3. Ceci vaut aussi pour l’aspect pratique des choses. À Limoilou, la logistique du piquetage s’est faite sur la base d’un concertationisme qui s’est avéré fatal. La grève a été officialisée par des courriels (indépendants) de la direction du collège et du syndicat, envoyés quelques jours après le vote de grève du 22 avril et annonçant que les cours ne seraient pas donnés et que les profs ne seraient pas payés. Fort de cette situation de collaboration (de bonne foi, dans ce cas-ci) entre la direction et le syndicat, un piquetage ferme n’a pas été organisé - aussi sans doute pour éviter la confrontation entre collègues sur les lignes. C’est ainsi qu’il a été possible, par les mêmes moyens, de lever la grève à moins de 12 heures de son déclenchement.
Troisième leçon : Le pouvoir vient d’en bas. Le contrôle des actions doit demeurer le plus possible au niveau des instances locales. Un piquetage, ça doit être étanche, et contrôlé par le syndicat local.

***
Au bout du compte, le vol de notre grève sociale n’a-t-il pas été largement le fait d’une incapacité des syndicats locaux – membres et directions - à maintenir le leadership politique qu’ils avaient depuis le début et qui a rendu ce mouvement possible ?
Les conséquences de cette situation et de la décision qui en est résulté dans plusieurs cégeps –l’annulation de la grève par les directions collégiales et syndicales locales – a des effets que l’on peut déjà sentir.

À l’intérieur de nos propres rangs, plusieurs membres questionnent plus que jamais la valeur de leur vote et de leur implication, si les décisions prises en instances peuvent être renversées ainsi sans façon. On tempête contre la FNEEQ, on parle de désaffiliation… C’est encore une fois le cynisme, la frustration et le sentiment d’impuissance qui viennent corrompre un travail de mobilisation pourtant exemplaire et une réponse militante inespérée qui laissait – et laisse toujours – espérer un sortie du marasme politique qui asphyxie le syndicalisme québécois. On peut naturellement aussi craindre des pertes quant à la confiance que pourront avoir d’autres acteurs sociaux, allié.es potentiels dans la bataille, quant à la crédibilité des décisions syndicales.

Il est impératif que nous tirions des leçons constructives des événements du 1er mai 2015. La création d’un « caucus de gauche » dans les Fédé et inter-fédé voire Inter-centrales me semble être une avenue à explorer. Les communications et les discussions ne peuvent être centralisées sans que les membres locaux soient du coup en situation de dépendance face à des directions détenant ainsi un monopole de l’information.

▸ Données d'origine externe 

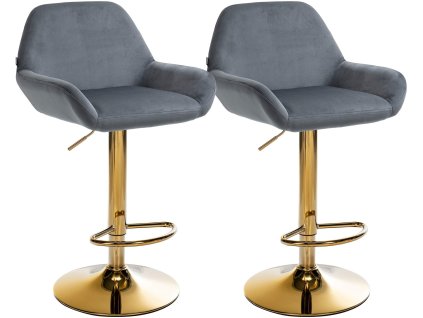 2er Set Barhocker Braga Gold Samt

Nous avons vu les conséquences de l’inexistence d’une gauche syndicale organisée lors de la dernière négo du secteur public, où les membres des Fédérations se sont vus sommés d’accepter l’inacceptable car les autres syndiqués, nous dit-on alors, « feront pareil ». Nous voyons encore aujourd’hui d’autres conséquences de la même situation.

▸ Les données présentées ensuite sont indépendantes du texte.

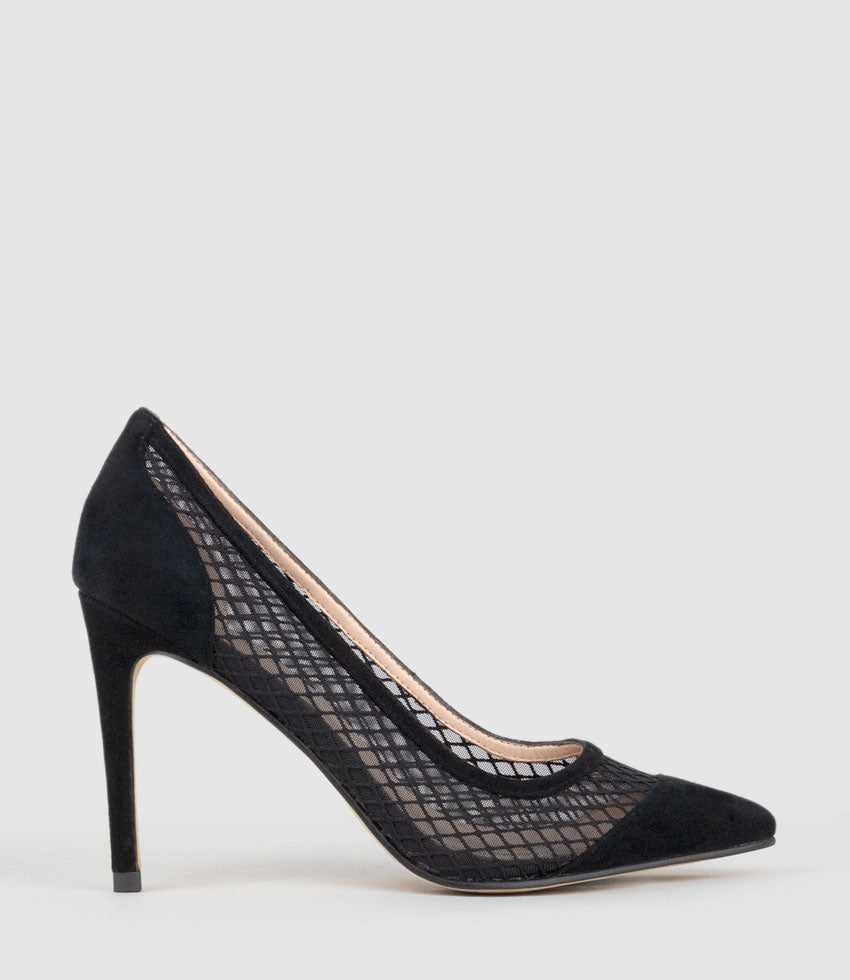 AMALIA100 Pointed Mesh Pump in Black Suede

Il faudrait tenter, d’ici les prochaines négos, de changer cette donne. Des initiatives en ce sens existent peut-être déjà, il faut les soutenir – individuellement mais aussi collectivement, en donnant des mandats à nos syndicats locaux - et leur donner une ampleur et une vitalité réelle et inédite si nous ne voulons pas jouer à nouveau dans une même tragédie dans un avenir proche.